MultimodalSDK Overview

In the inference pipeline of multimodal large models, massive and complex data needs to be processed. The MultimodalSDK accelerates the preprocessing workflow of large model inference by providing a set of high-performance Ascend-affinity interfaces. Preprocessing APIs currently run on CPU (DeviceMode.CPU) and are typically deployed alongside CANN/NPU inference frameworks.

  • It covers common preprocessing operations such as image and video loading and decoding, as well as resize, crop, and other typical processing steps.
  • It supports mutual conversion between various open-source data structures and acceleration library data structures, enabling rapid application and easy migration.

Tag Naming Convention

Tags follow this pattern:

<multimodalsdk_version>-<chip_series>-<os>-<python_version>
Field Example Values Description
multimodalsdk_version 26.0.0 MultimodalSDK version
chip_series 910 Target Atlas chip family
os ubuntu22.04, openeuler24.03 Base operating system
python_version py3.11 Python version

Tags and Dockerfile

Tag Dockerfile
26.0.0-910b-openeuler24.03-py3.11 Dockerfile.910b.openEuler
26.0.0-910b-ubuntu22.04-py3.11 Dockerfile.910b.ubuntu

Quick Start

Prerequisites (optional)

Install Driver

An NPU driver compatible with the container's CANN version must be installed on the host. See the CANN Compatibility Matrix for driver ↔ CANN version mapping.


How to build

docker build -t {your_repo}/multimodal:latest -f Dockerfile.<chip_series>.<os> .

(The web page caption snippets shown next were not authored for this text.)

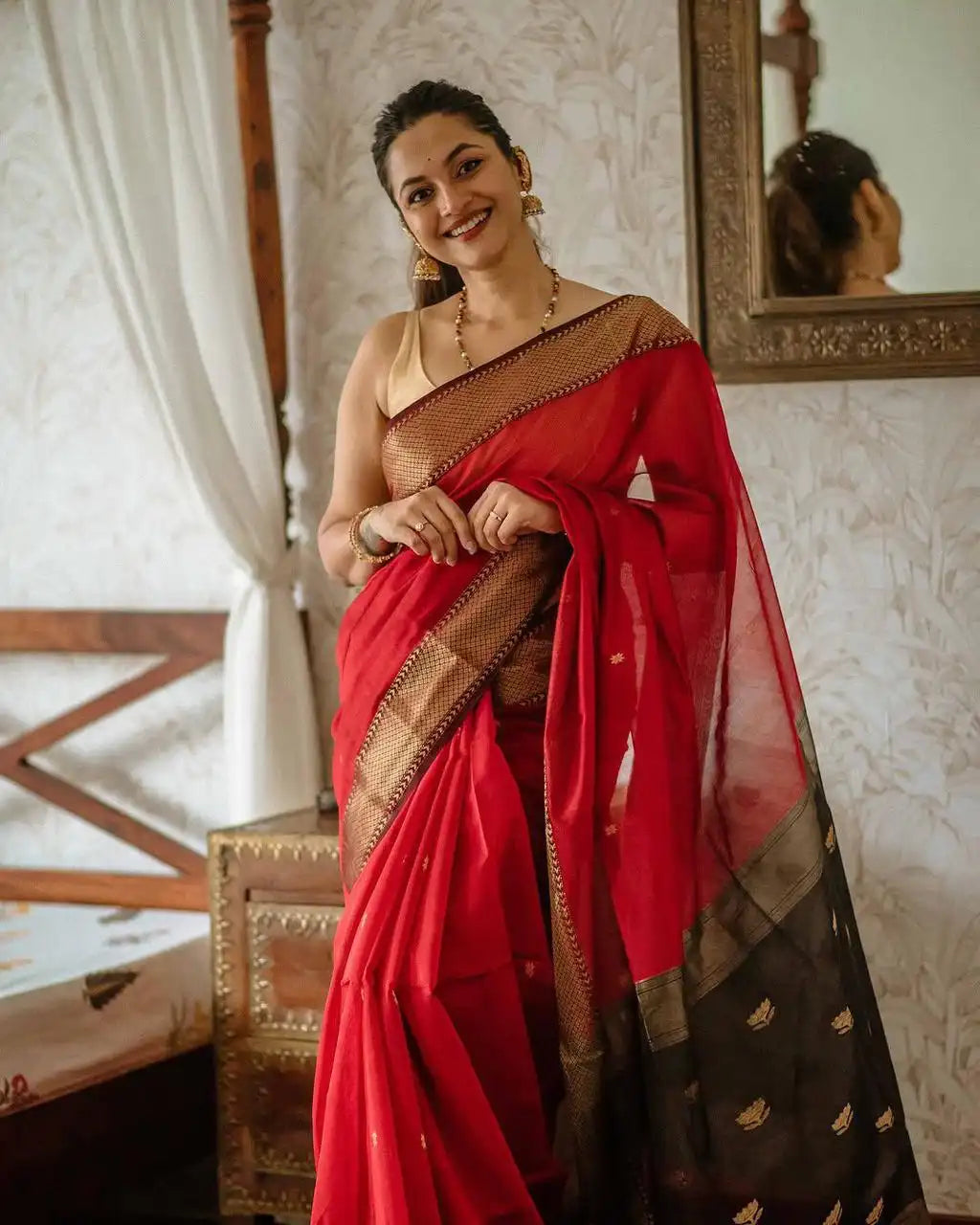 KP CREATION Presents Sarees Crafted With Soft Lilac Slab Fabric Offering A Delicate And Comfortable Drape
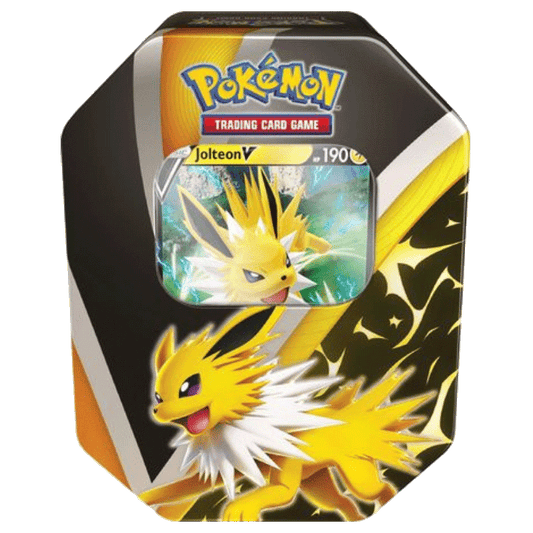 Pokemon Tin Evoluzioni di Eevee Jolteon V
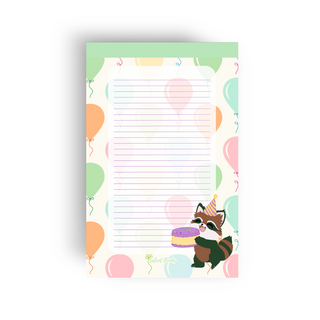 Furfur Birthday Lined Tear-away Stationary Pad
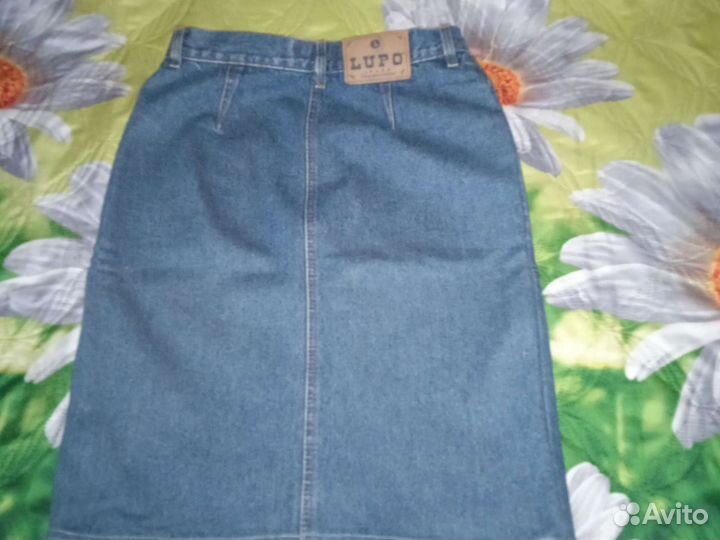 Джинсовая юбка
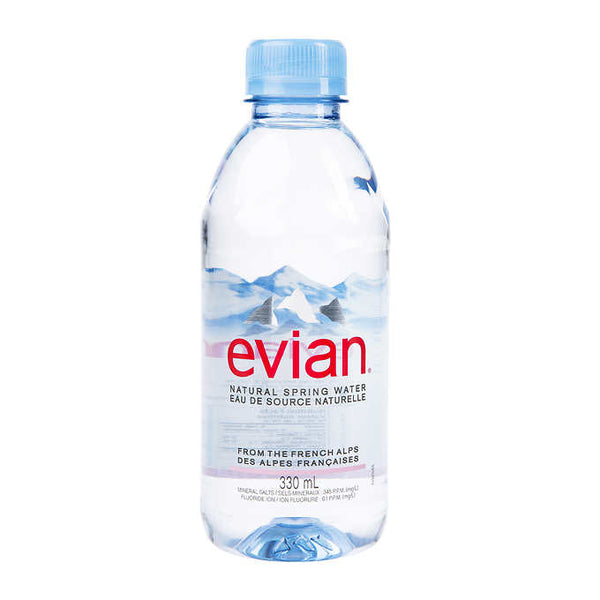 Evian Natural Spring Water 330 mL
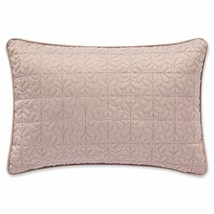 Waterford Gwyneth Oblong Throw Pillow in Pink 12&quot;x18&quot; Breakfast Lumbar Pillow - £44.00 GBP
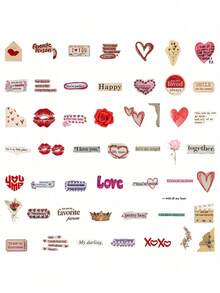 50 miếng dán hình vẽ nguệch ngoạc tiếng Anh trong suốt hình thú cưng hoạt hình, tự dán trang trí điện thoại, đàn guitar, laptop, hành lý, bình nước, quà tặng tiệc tùng. - Nhiều màu - Xem 8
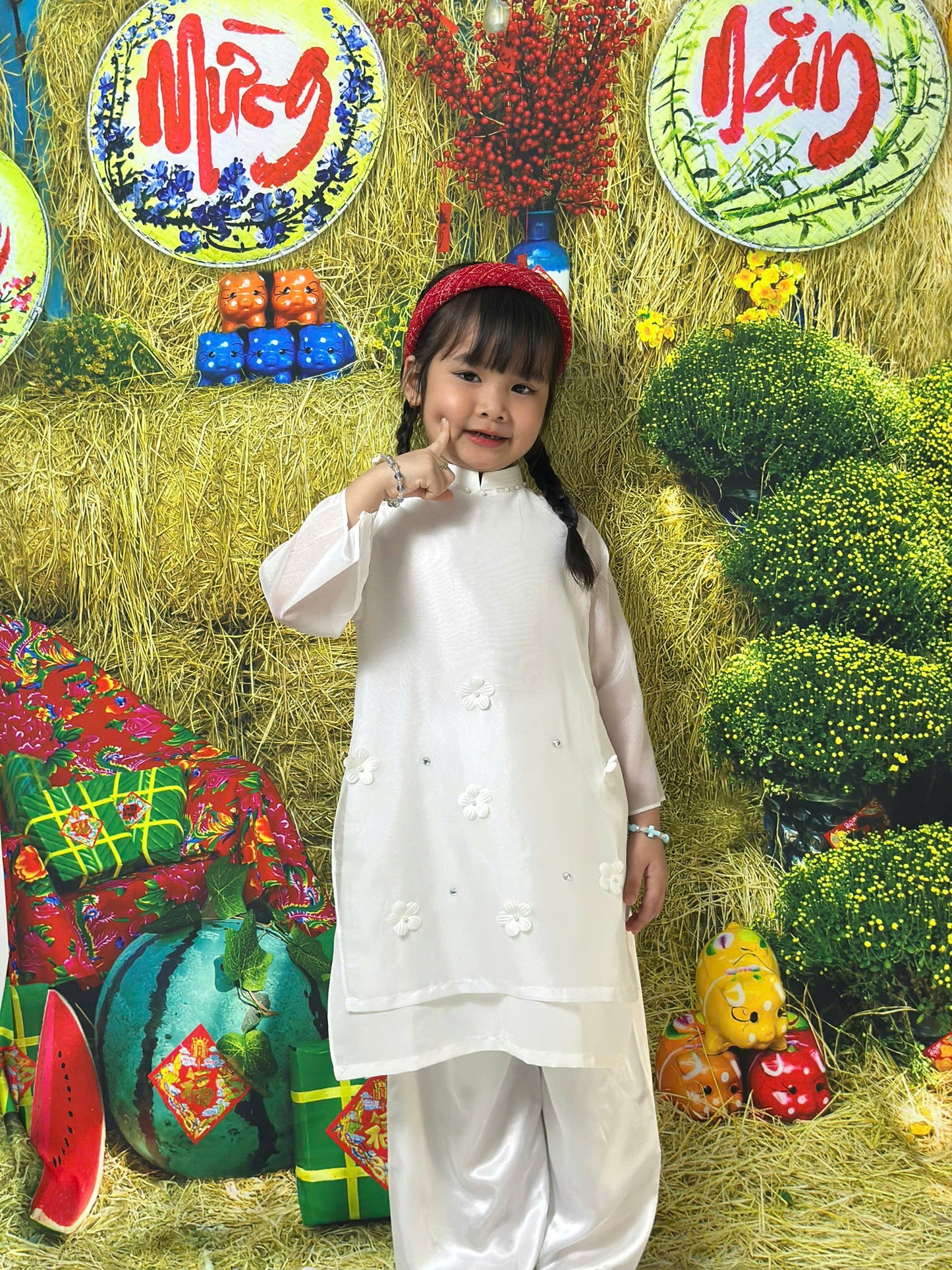 Vietnamese Ao Dai For Kid - Ao Dai For Daughter | Áo Dài Bé Gái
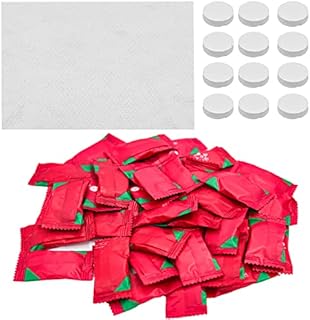 100 Pieces Soft Compressed Towels, Portable Thicken Coin Tissue Mini Soft Towel for Travel/Beauty/Outdoor Sports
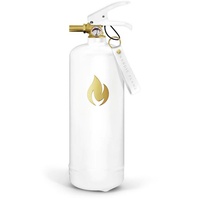 Nordic Flame Dekoobjekt Nordic Flame Feuerlöscher GOLD EDITION weiß 2 KG weiß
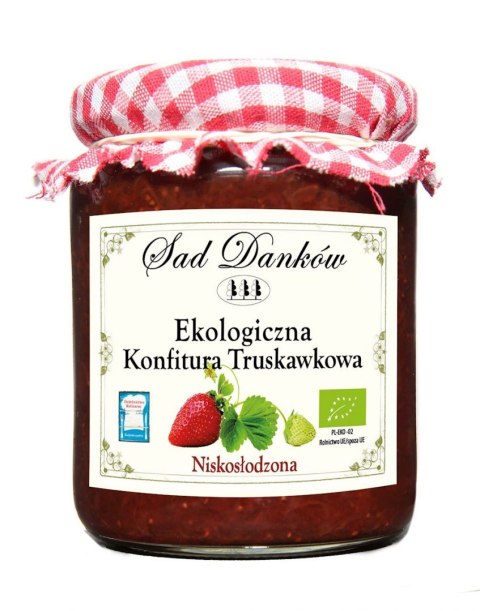 TRUSKAWKA 80 % Z CUKREM TRZCINOWYM BIO 270 g - SAD DANKÓW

Running MultimodalSDK Container

docker run \
    --name multimodal_container \
    --device /dev/davinci1 \
    --device /dev/davinci_manager \
    --device /dev/devmm_svm \
    --device /dev/hisi_hdc \
    -v /usr/local/dcmi:/usr/local/dcmi \
    -v /usr/local/bin/npu-smi:/usr/local/bin/npu-smi \
    -v /usr/local/Ascend/driver/lib64/:/usr/local/Ascend/driver/lib64/ \
    -v /usr/local/Ascend/driver/version.info:/usr/local/Ascend/driver/version.info \
    -v /etc/ascend_install.info:/etc/ascend_install.info \
    -it ascend/multimodal:tag bash

Enter the Container

docker exec -it multimodal_container bash

MultimodalSDK Usage

MultimodalSDK provides sample code to help developers get started quickly. You can access the examples through the following link:

Development

# Add required software by developer
FROM swr.cn-south-1.myhuaweicloud.com/ascendhub/multimodalsdk:26.0.0-910b-ubuntu22.04-py3.11-aarch64

RUN apt update -y && \
    apt install gcc ...

...

Supported Hardware

Product Examples Architecture
Atlas 800I A2 ARM64

License

View the license information for CANN and MindSeries software included in these images.

As with all container images, the pre-installed packages (Python, system libraries, etc.) may be subject to their own licenses.